§ **WORK INSTRUCTIONS**
Output, exactly and with no pictures, the line that contains "Ngày 2/11, khai" and every line that comes after it in the data below, the last one included.

§ **Image-caption web data**
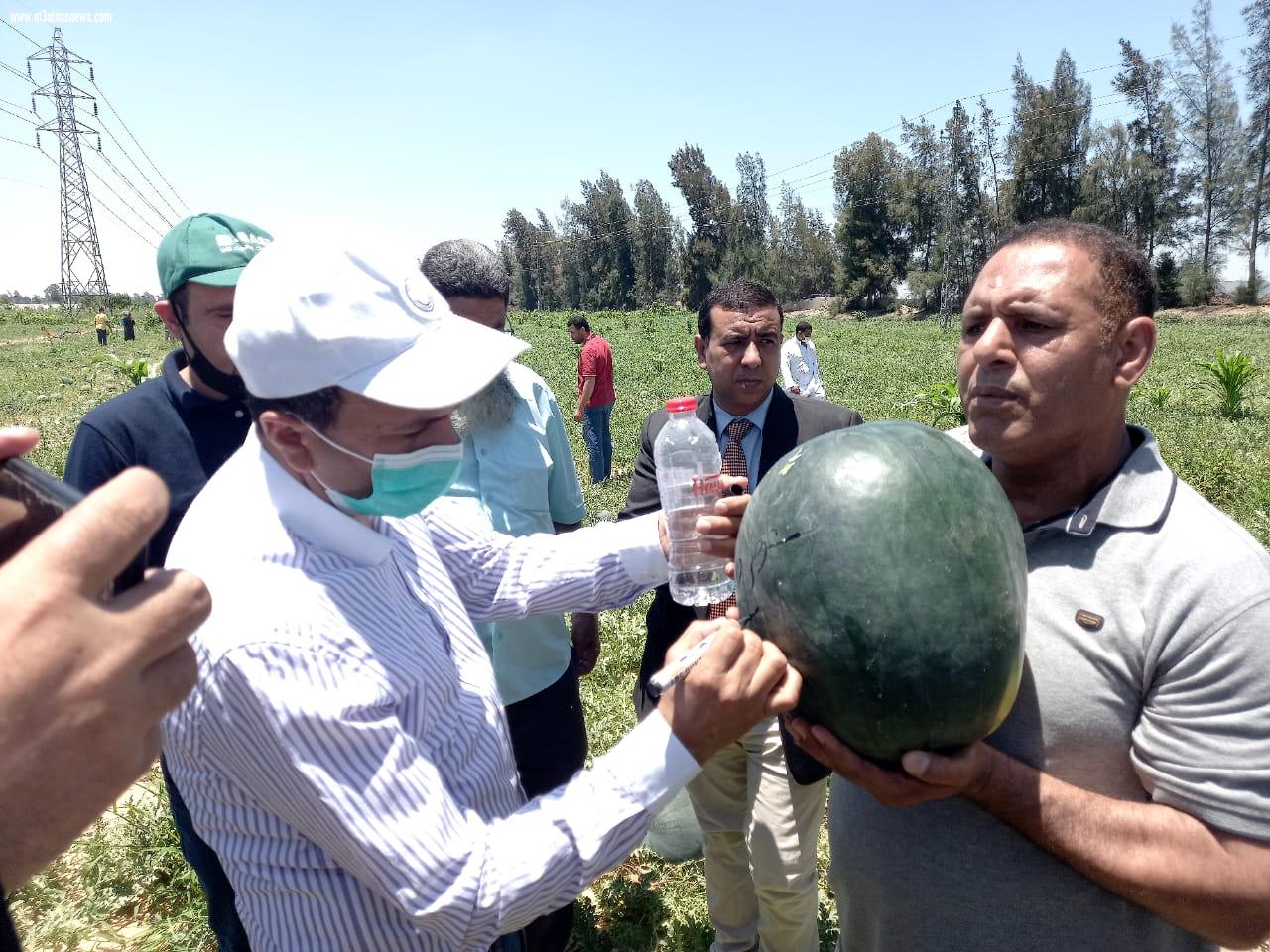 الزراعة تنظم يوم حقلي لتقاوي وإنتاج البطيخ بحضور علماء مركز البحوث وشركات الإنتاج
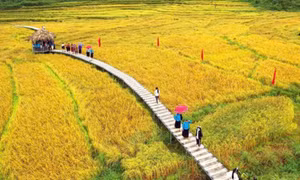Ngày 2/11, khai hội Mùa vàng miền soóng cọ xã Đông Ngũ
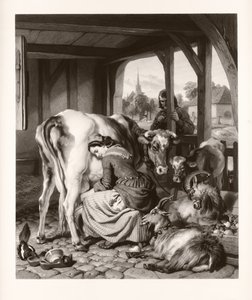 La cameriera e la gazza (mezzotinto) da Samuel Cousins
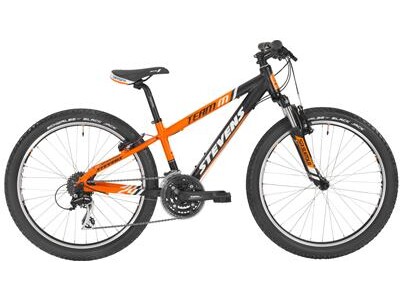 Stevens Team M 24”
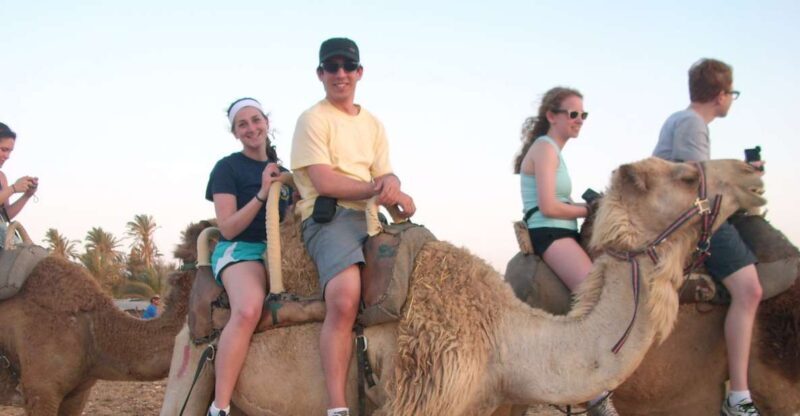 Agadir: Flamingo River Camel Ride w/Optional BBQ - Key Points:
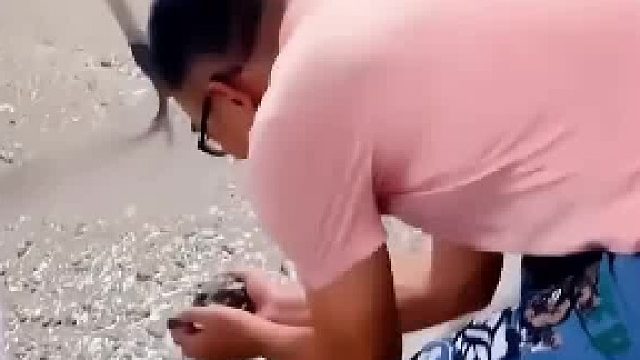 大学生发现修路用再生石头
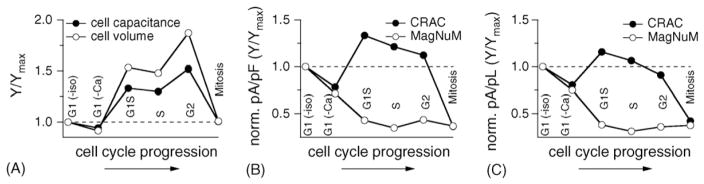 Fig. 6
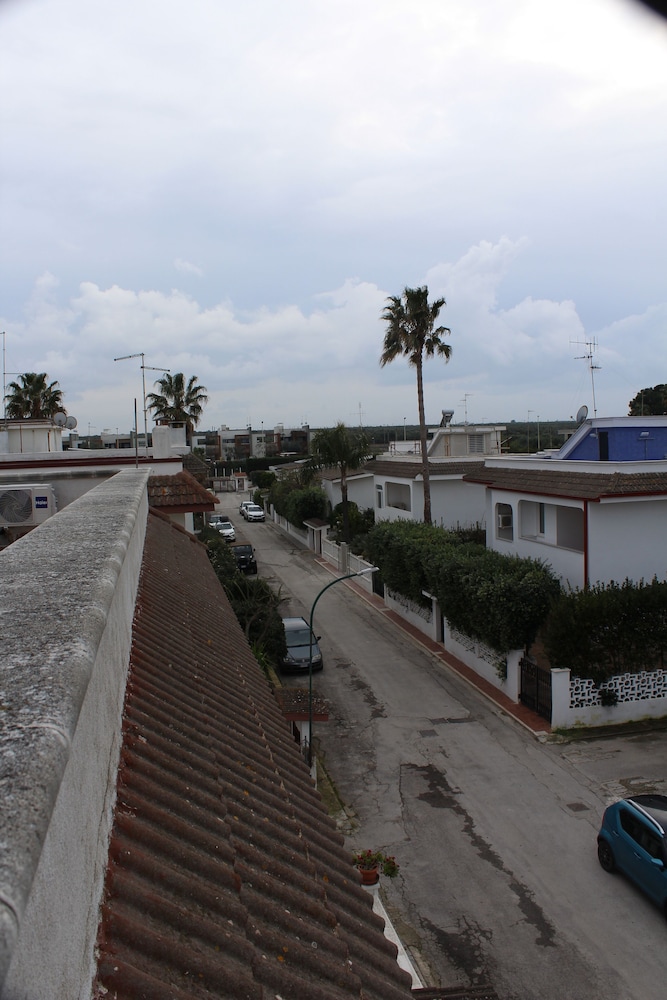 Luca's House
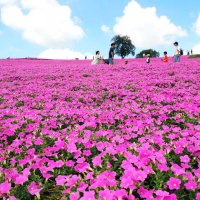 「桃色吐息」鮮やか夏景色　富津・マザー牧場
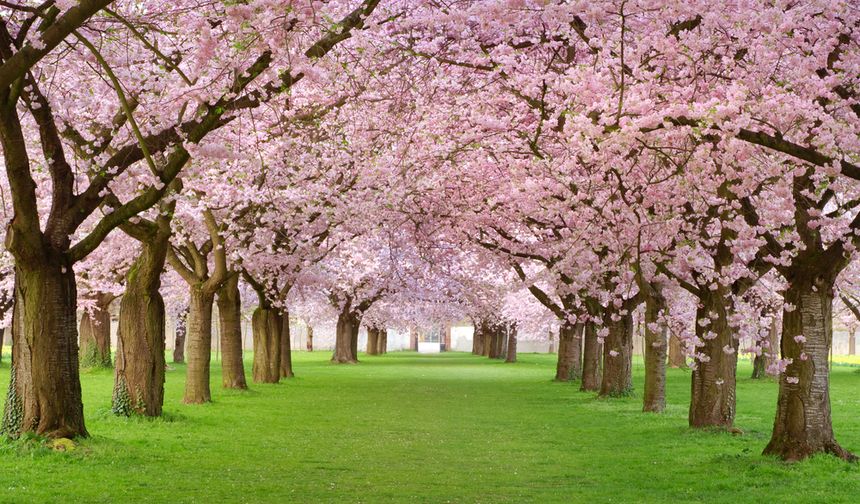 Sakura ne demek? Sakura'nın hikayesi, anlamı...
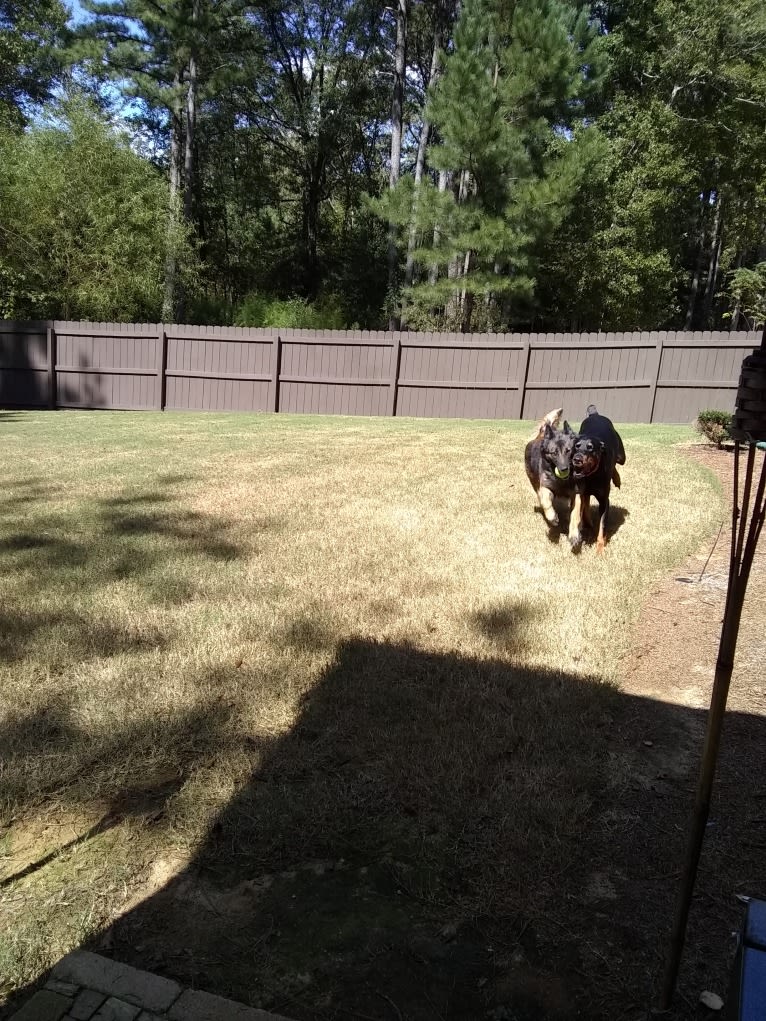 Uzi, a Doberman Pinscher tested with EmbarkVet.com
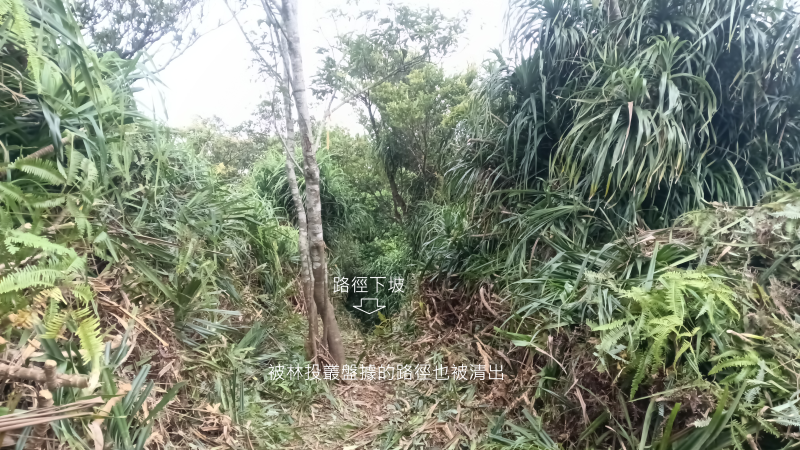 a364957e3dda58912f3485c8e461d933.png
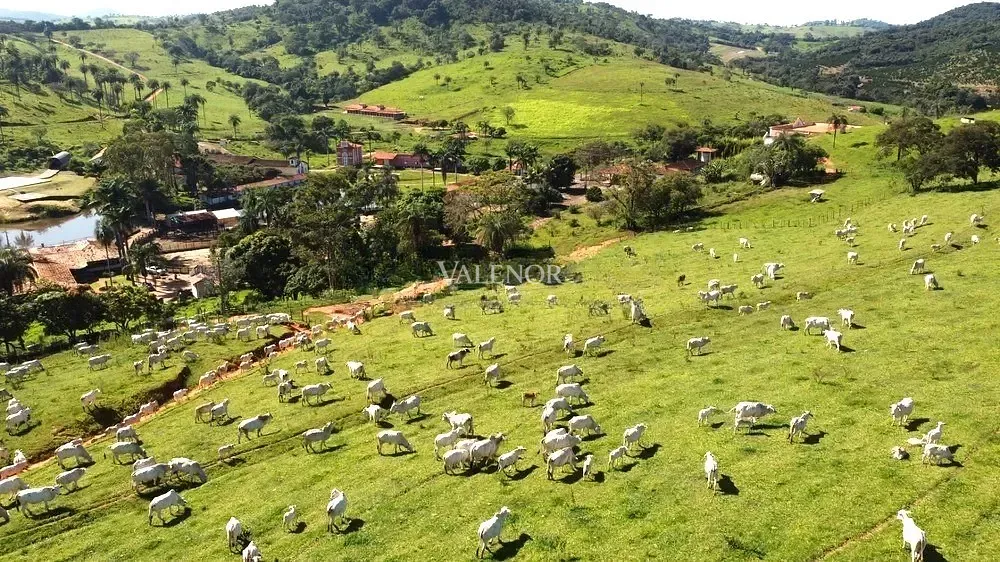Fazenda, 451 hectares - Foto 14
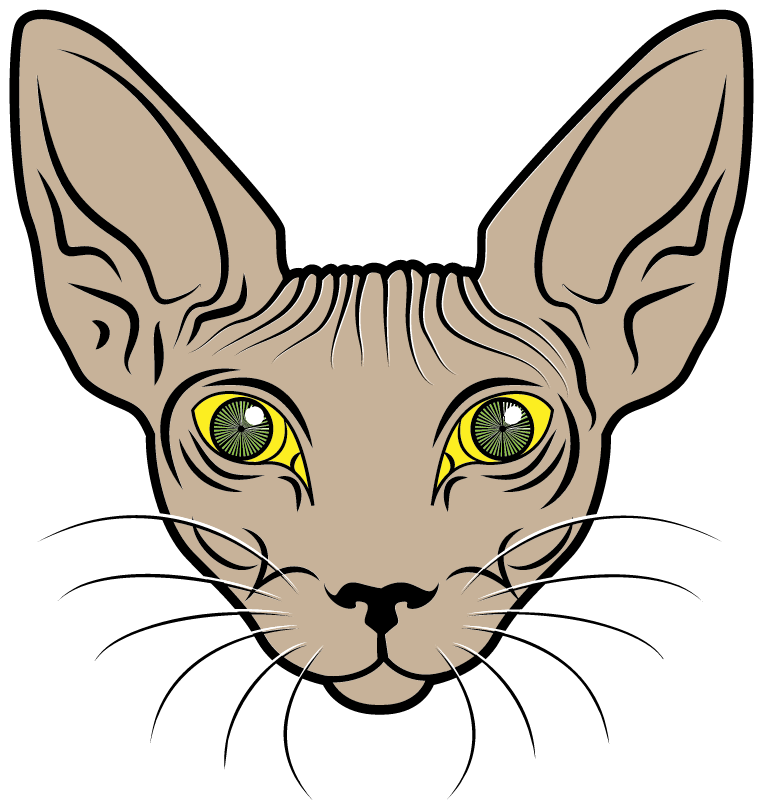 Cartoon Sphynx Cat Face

§ **OUTPUT OF THE EXERCISE**
Ngày 2/11, khai hội Mùa vàng miền soóng cọ xã Đông Ngũ
 La cameriera e la gazza (mezzotinto) da Samuel Cousins
 Stevens Team M 24”
 Agadir: Flamingo River Camel Ride w/Optional BBQ - Key Points:
 大学生发现修路用再生石头
 Fig. 6
 Luca's House
 「桃色吐息」鮮やか夏景色　富津・マザー牧場
 Sakura ne demek? Sakura'nın hikayesi, anlamı...
 Uzi, a Doberman Pinscher tested with EmbarkVet.com
 a364957e3dda58912f3485c8e461d933.png
Fazenda, 451 hectares - Foto 14
 Cartoon Sphynx Cat Face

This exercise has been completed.